Dreams are weird. For those who know me, really
know me, it's no surprise that I have an hours-long, colorful, noisy,
temperature-laden, and emotionally-full nighttime cinema going on in my head
every night. Honestly, it’s amazing that I don’t wake up more exhausted
than I was when I went to sleep. Oh, wait. That happens. Some of the time I
remember what the movie was about. Lots of times I don’t. Occasionally, the
dreams are so moving, or scary, or mind-bending, that I remember them forever.
Like the one in which I first met my daughter,
before she was even a twinkle, when she visited me as a two-year old, standing
in my lit hallway in the middle of the night, wearing her blue nightie with her
blonde tousled hair, and then turning to walk down the stairs. I didn’t
remember that movie until she was actually a two-year old, standing in the
exact same spot, wearing the exact same thing, with the exact same blonde
tousled hair.
Or the one in which I sit up in bed to see an
old-fashioned, white wicker baby pram rolling upside-down across my ceiling.
Or the one in which I wake up to find an Indian
warrior in full feather headdress standing at my bedside watching me sleep. I
could smell the charcoal fire and sweat, see the glisten and depth in his eyes,
feel his warmth, and I was unafraid.
Or the time I thought someone was crawling in my
bedroom window as a teenager.
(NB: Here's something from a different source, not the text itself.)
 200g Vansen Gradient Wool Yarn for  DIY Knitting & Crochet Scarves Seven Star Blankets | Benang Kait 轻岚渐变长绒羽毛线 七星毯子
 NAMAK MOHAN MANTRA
I was afraid.
Or the time I woke up screaming, only to be led
into the bathroom by my mom to get some water, and relive the entire dream that
involved pulling back the shower curtain to find her dead in the tub.
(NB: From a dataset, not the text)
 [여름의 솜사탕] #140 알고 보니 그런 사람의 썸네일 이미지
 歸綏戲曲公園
Or the one after my brother died when I knocked
and knocked and knocked on my best friend’s door, only to figure out I was at
the wrong house. When I turned around, I saw a neighbor, whom I have not had
contact with since our move away from Colorado, standing in the driveway
hugging Greg.
I used to dream all the time about rescuing
people or animals, being the first to arrive at car accidents, pulling kids out
of water, salvaging relationships. After my brother died, I began having dreams
where I needed to be rescued. Like the time I was hiding in closets and running
through an abandoned house with creaky floors, broken windows, and a carpet of
dead bugs and leaves, and then through a snow-covered and wooded yard, trying
to escape my brothers who were playing some sort of a game where I was the
prey, and they were both coming after me with a knife.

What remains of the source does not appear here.